Culture

Van Gogh, à la recherche des couleurs de Dieu

Vincent Van Gogh est sans aucun doute l'un des artistes essentiels du XIXe siècle. Ses peintures - et ses lettres - nous impressionnent, ainsi que des milliers de nos contemporains aujourd'hui, parce qu'elles ils disent beaucoup, au point qu'ils peuvent même nous parler de Dieu. C'est pourquoi il est un peintre de la frontière, aujourd'hui plus pertinent que jamais.

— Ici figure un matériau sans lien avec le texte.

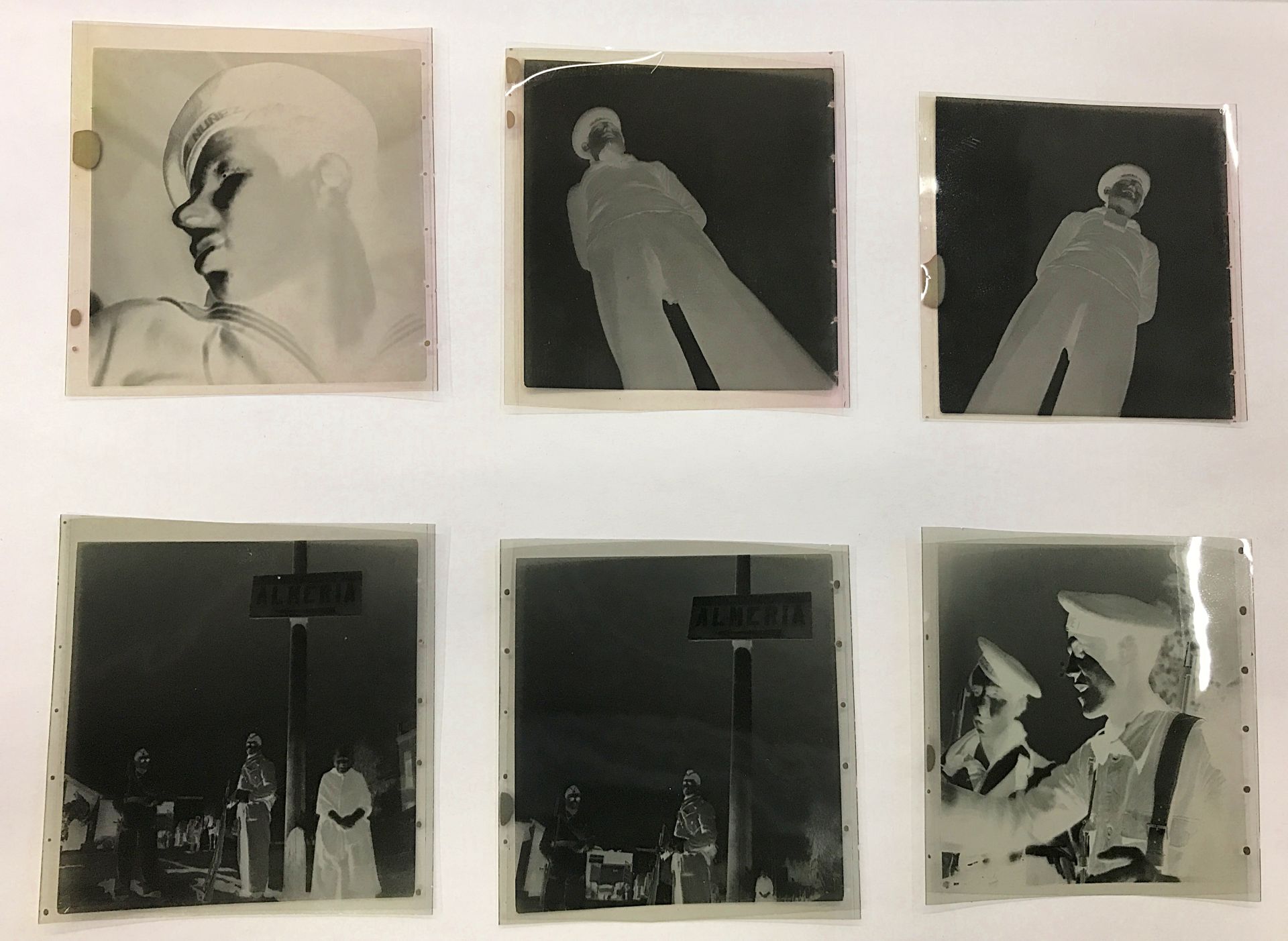 La colección consta de 86 negativos de tamaño 6x6 con diferentes momentos de la guerra civil retratados por Namuth y Reisner.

Jaime Nubiola-13 de mai de 2016-Temps de lecture : 5 minutes
van gogh

Dans le surprenant roman de Markus Zusak, Le voleur de livres (2005), la petite Liesel tente de décrire au jeune Max, qui est emprisonné dans une cave, à quoi ressemble le ciel ce jour-là : "Aujourd'hui, le ciel est bleu, Max, et il y a un énorme nuage allongé, déroulé comme une corde. Au bout du nuage, le soleil ressemble à un trou jaune". Après avoir écouté l'histoire, le jeune homme soupire d'émotion. Les mots de Liesel ont pu représenter le paradis.

C'est peut-être ce qui nous touche et nous émeut lorsque nous contemplons les tableaux de Vincent van Gogh (1853-1890), qui a su capter l'âme des choses simples et quotidiennes pour les exprimer dans son œuvre : "L'art est sublime quand il est simple".il écrit à son frère Théo. En lisant ses lettres - qui sont le meilleur autoportrait de son âme - on découvre l'histoire d'une passion, l'appel inéluctable vers le lieu où la beauté ne permet aucune distraction : "Combien de fois à Londres, en rentrant le soir de Southampton Street".il lui écrit le 12 octobre 1883, "Je me suis arrêté pour dessiner sur les quais de la Tamise".Ou les champs de blé sous le ciel d'Arles qui lui ont arraché le cœur : "...".Ce sont de vastes étendues de blé sous un ciel couvert, et je n'ai pas eu de mal à essayer d'exprimer la tristesse, l'extrême solitude". (10-VII-1890).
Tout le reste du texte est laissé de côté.